▶ _WHAT IS NEEDED_
All that is needed is an exact repetition of the lines from the one containing "PH PandaHall 12pcs" through the final line of the material, without pictures.

^^^^^^^^

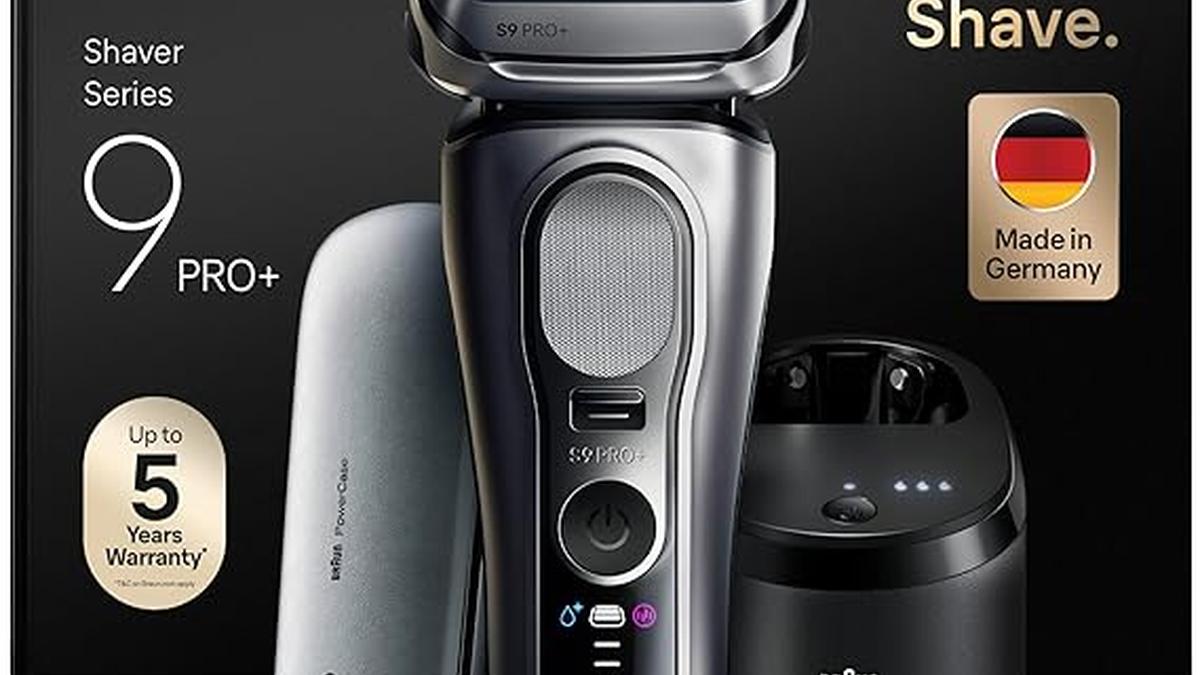 Braun Serie 9 PRO Rasoio Elettrico Wet&Dry 5+1 Lame Regolabarba Uomo Stazione SmartCare 9677cc Argento
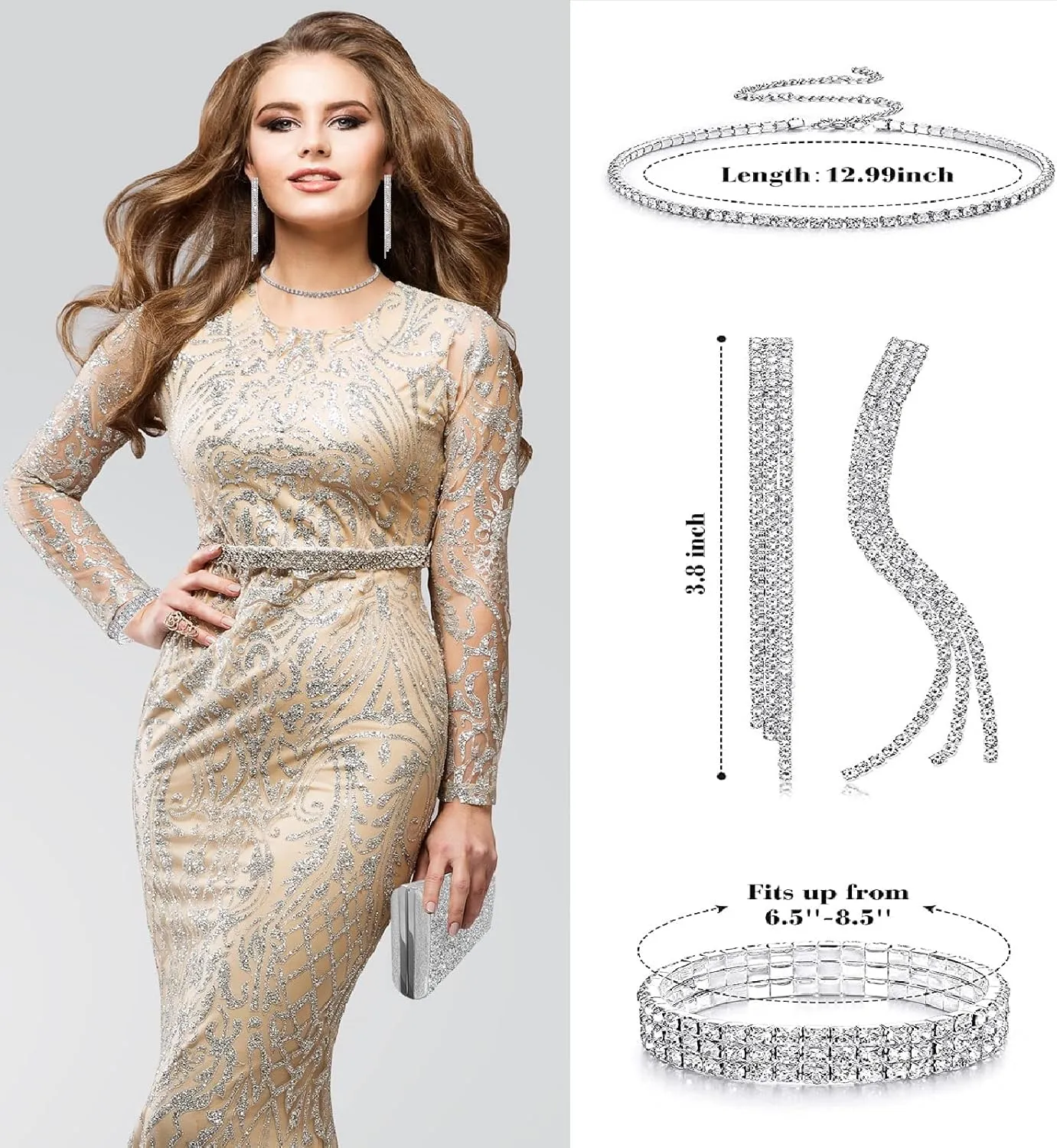 4 Pieces Rhinestone Jewelry SetClutch Purse Prom Jewelry Sets Wedding Bridal Jewelry Rhinestone Necklace Dangle Ear ClipCrystal Jewelry Set Wedding Party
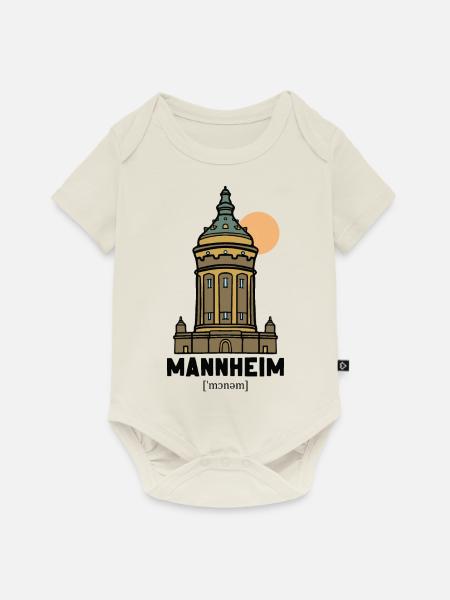 Wasserturm Manheim Vintage Design - Baby Premium Kurzarmbody - Naturweiß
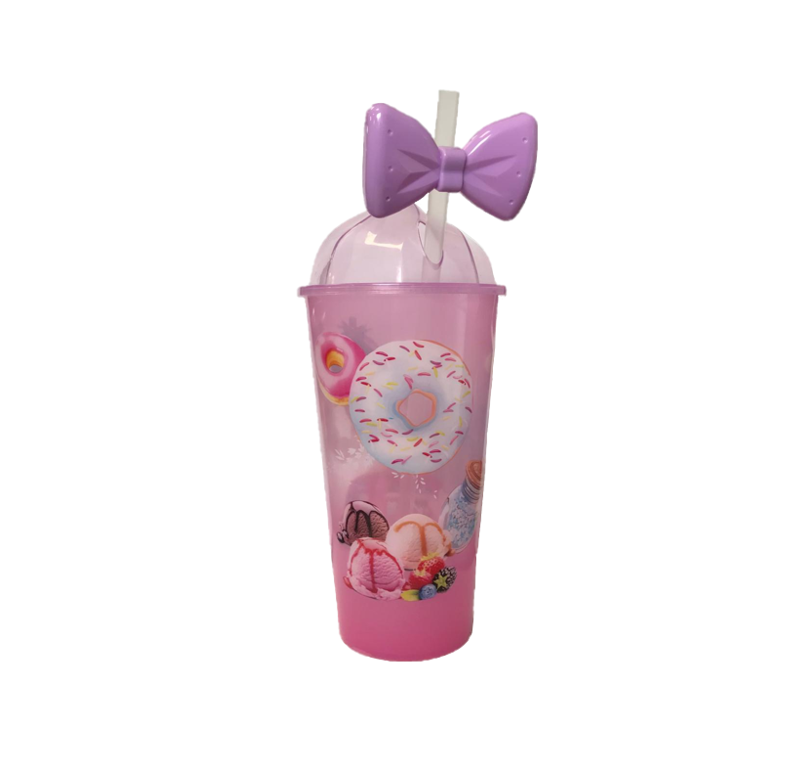 Reusable Plastic Ice Cream Drinking Cup with Straw 500ml 20 cm Assorted Designs 7437 (Parcel Rate)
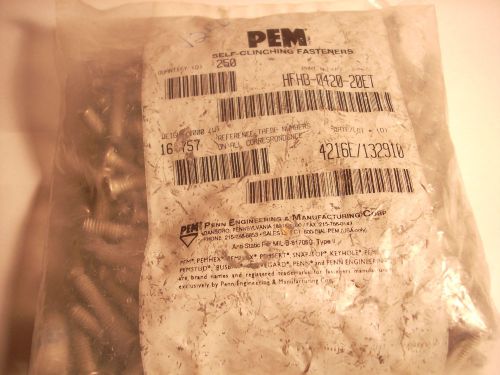 250 EA PENN ENGINEERING PEM FASTENERS ,SELF-LOCKING HFHB-0420-20ET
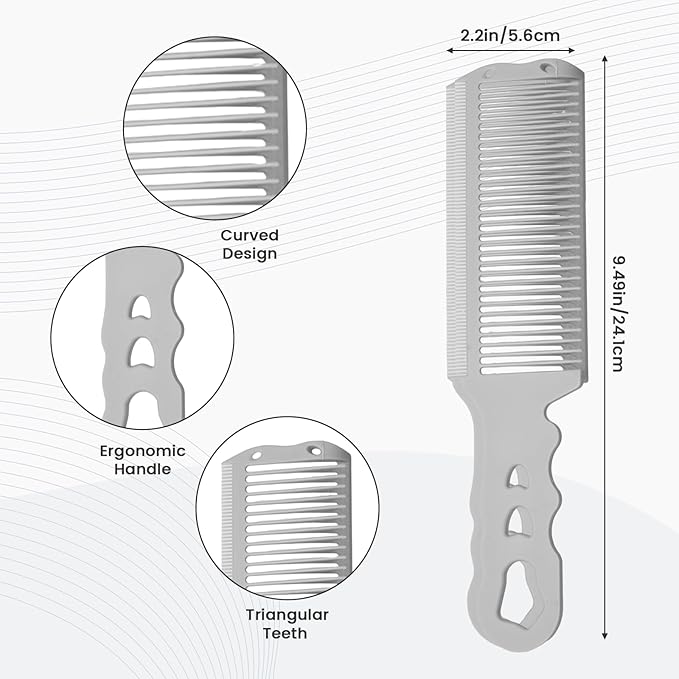 Fade Comb for Men-4PCS Fade Guide for Men Haircut Kit Includes Silicone Haircut Band,Barber Comb and Hairdressing Brush,Self Hair Cutting Tools for Home & Salon Use(Gray Hairband)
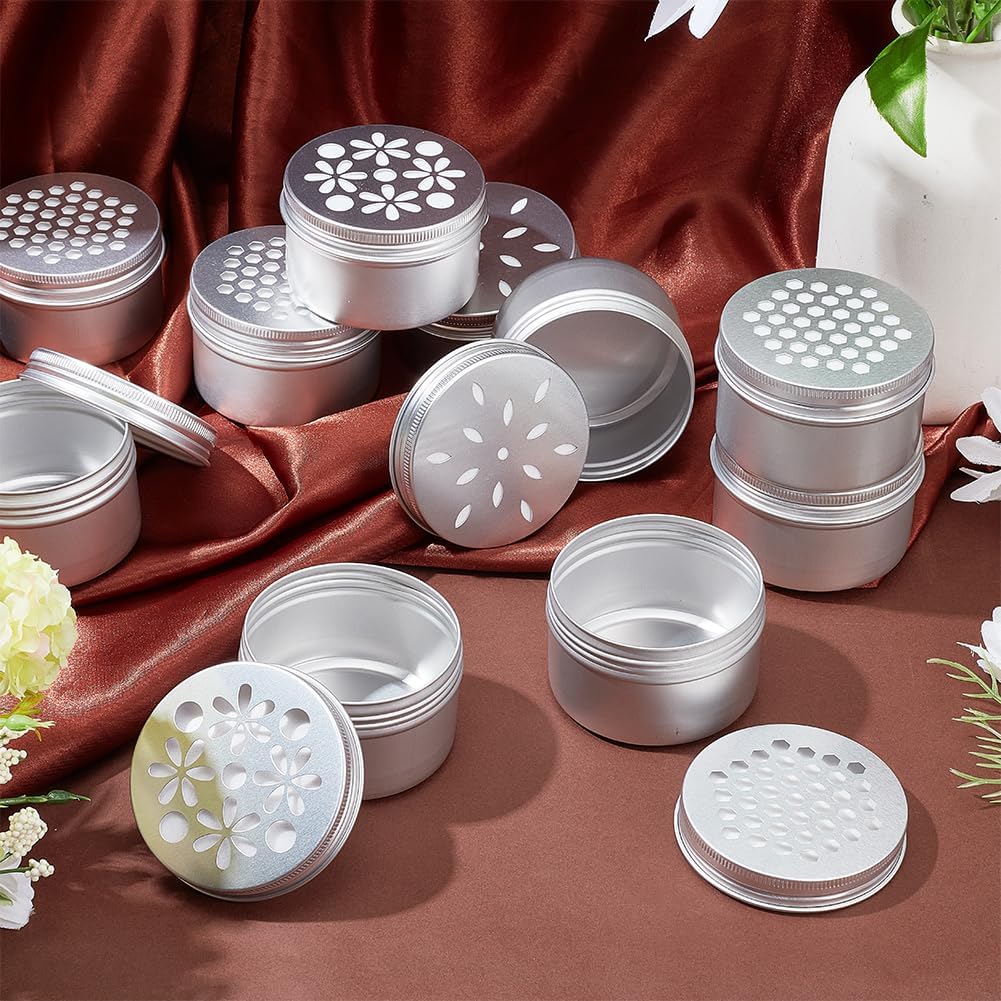 PH PandaHall 12pcs Aluminum Tins with Hollow Lids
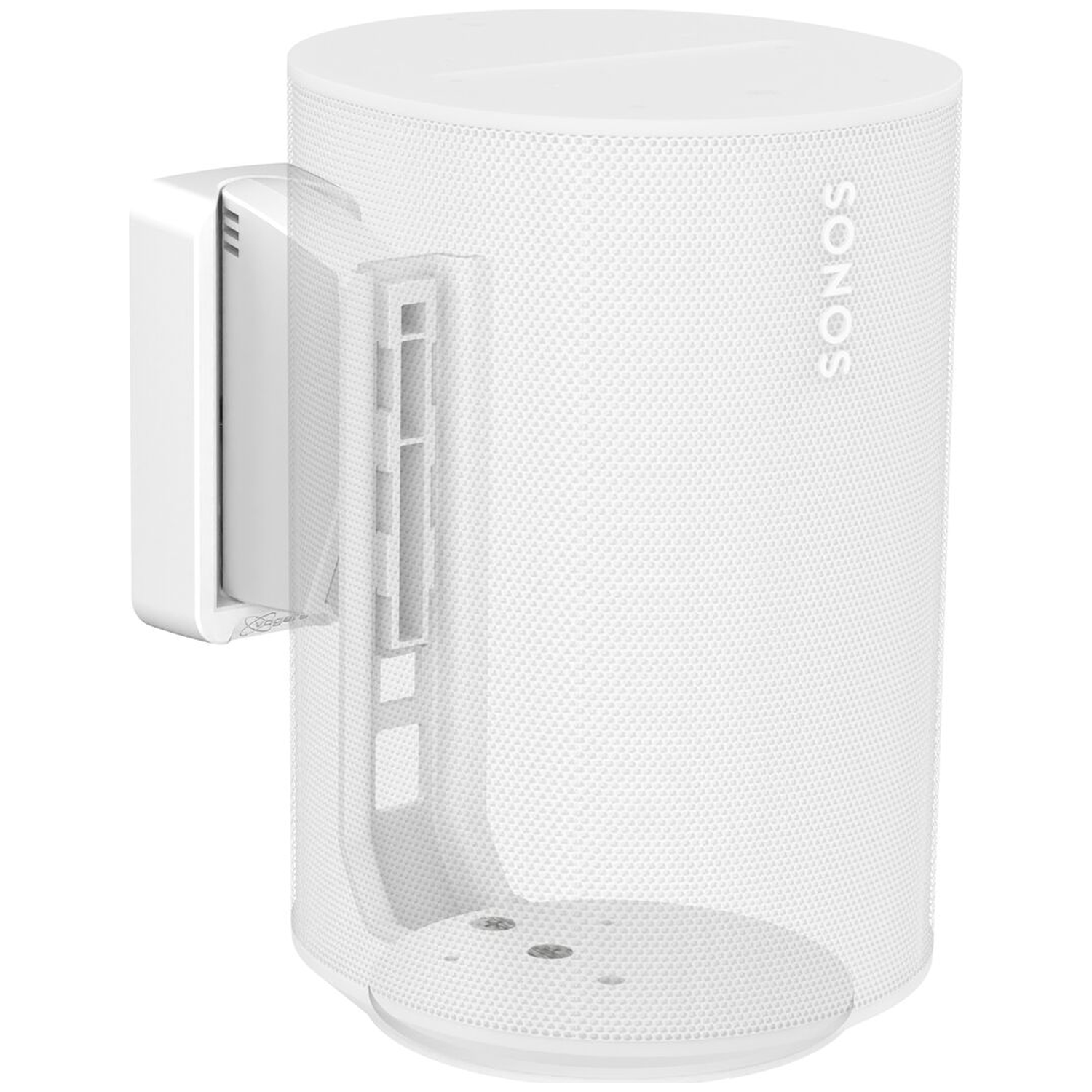 Witte Sonos speaker gemonteerd op een witte muurbeugel, geïsoleerd op witte achtergrond.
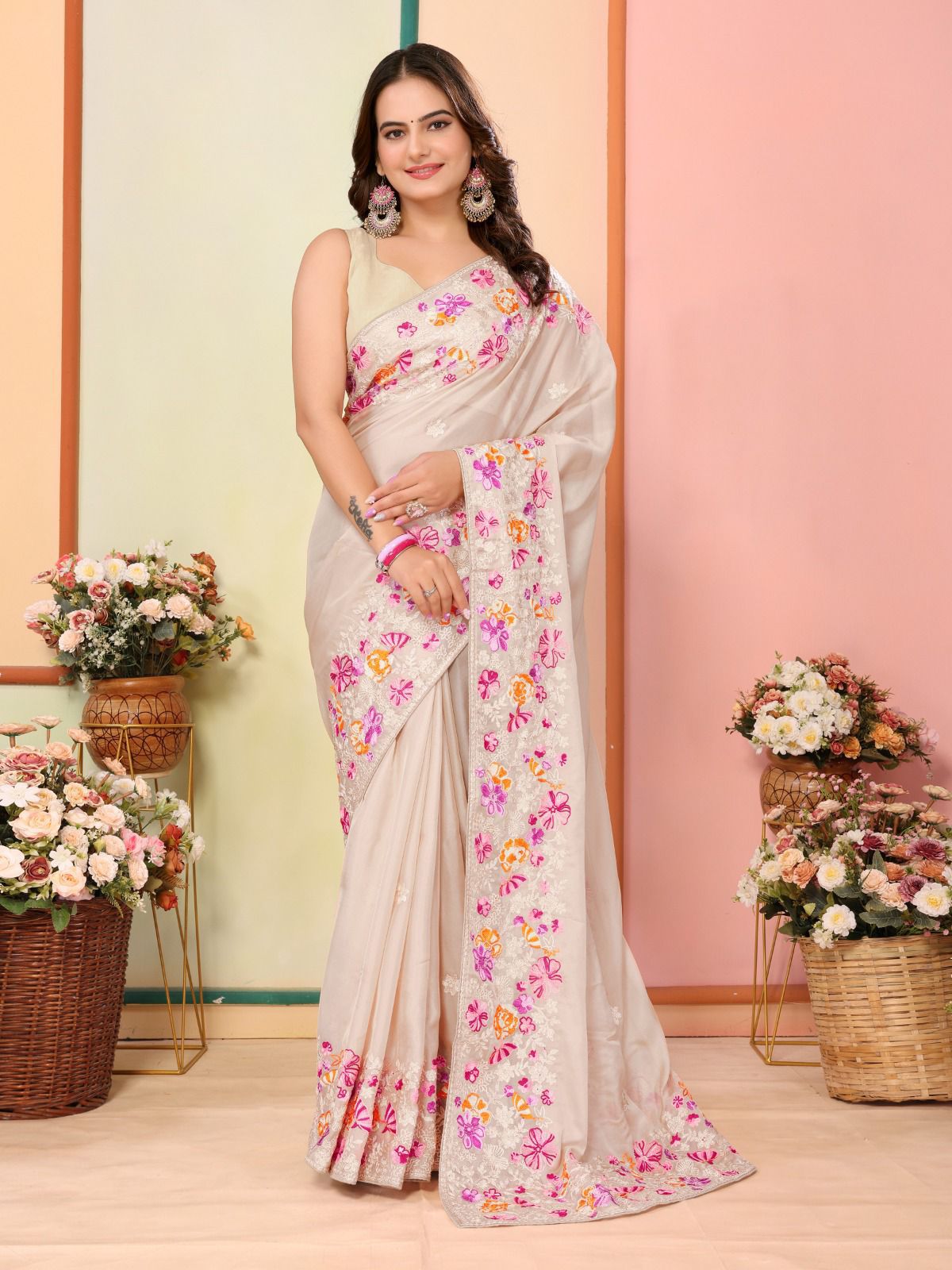 Trendy Embroidery Work Cream Color Organza Saree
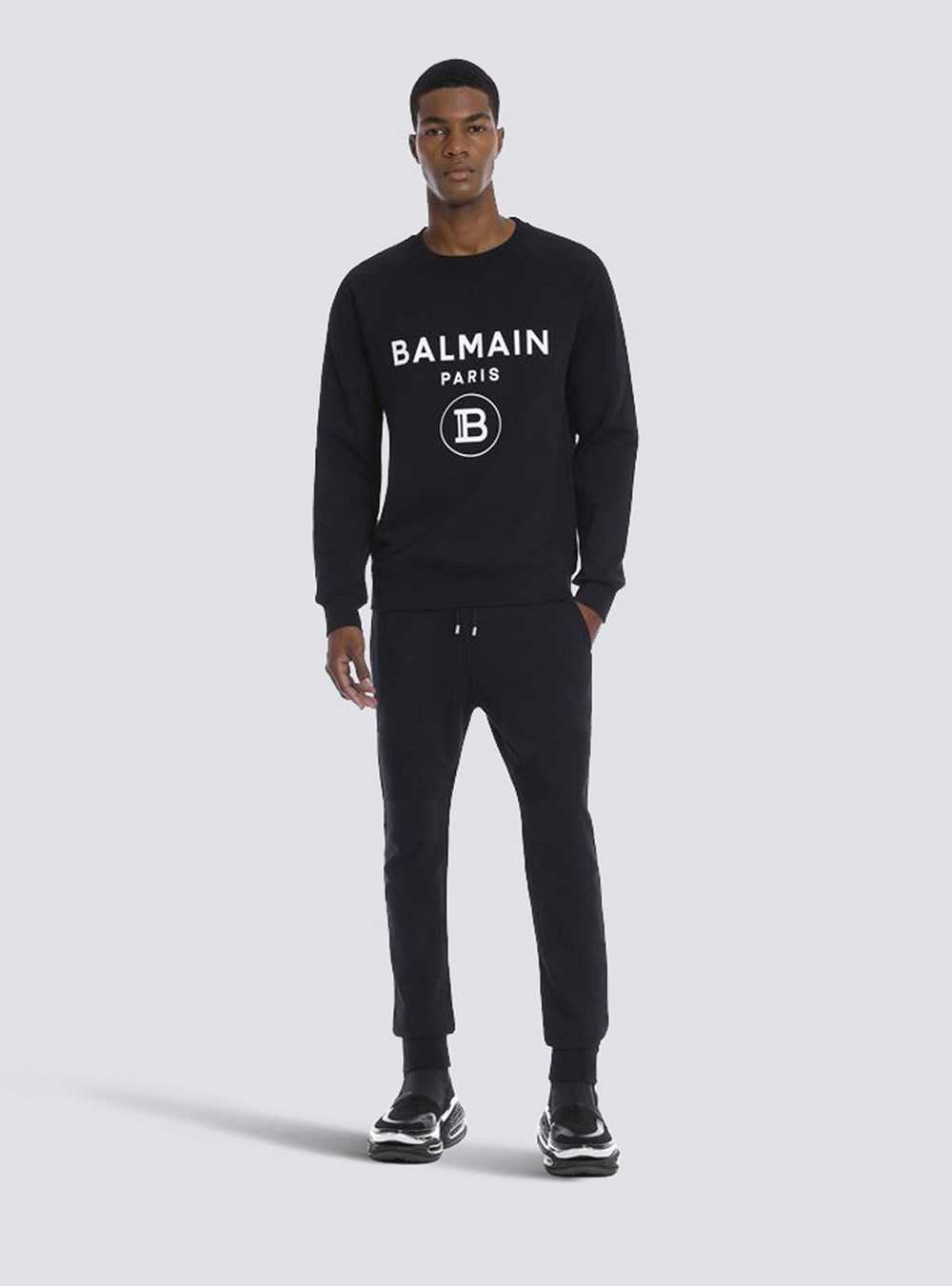 Balmain Cotton Sweatpants With Flocked Balmain Paris Logo Black | GUSAHWO-81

^^^^^^^^

▶ _ANSWER SPACE_
 PH PandaHall 12pcs Aluminum Tins with Hollow Lids
 Witte Sonos speaker gemonteerd op een witte muurbeugel, geïsoleerd op witte achtergrond.
 Trendy Embroidery Work Cream Color Organza Saree
 Balmain Cotton Sweatpants With Flocked Balmain Paris Logo Black | GUSAHWO-81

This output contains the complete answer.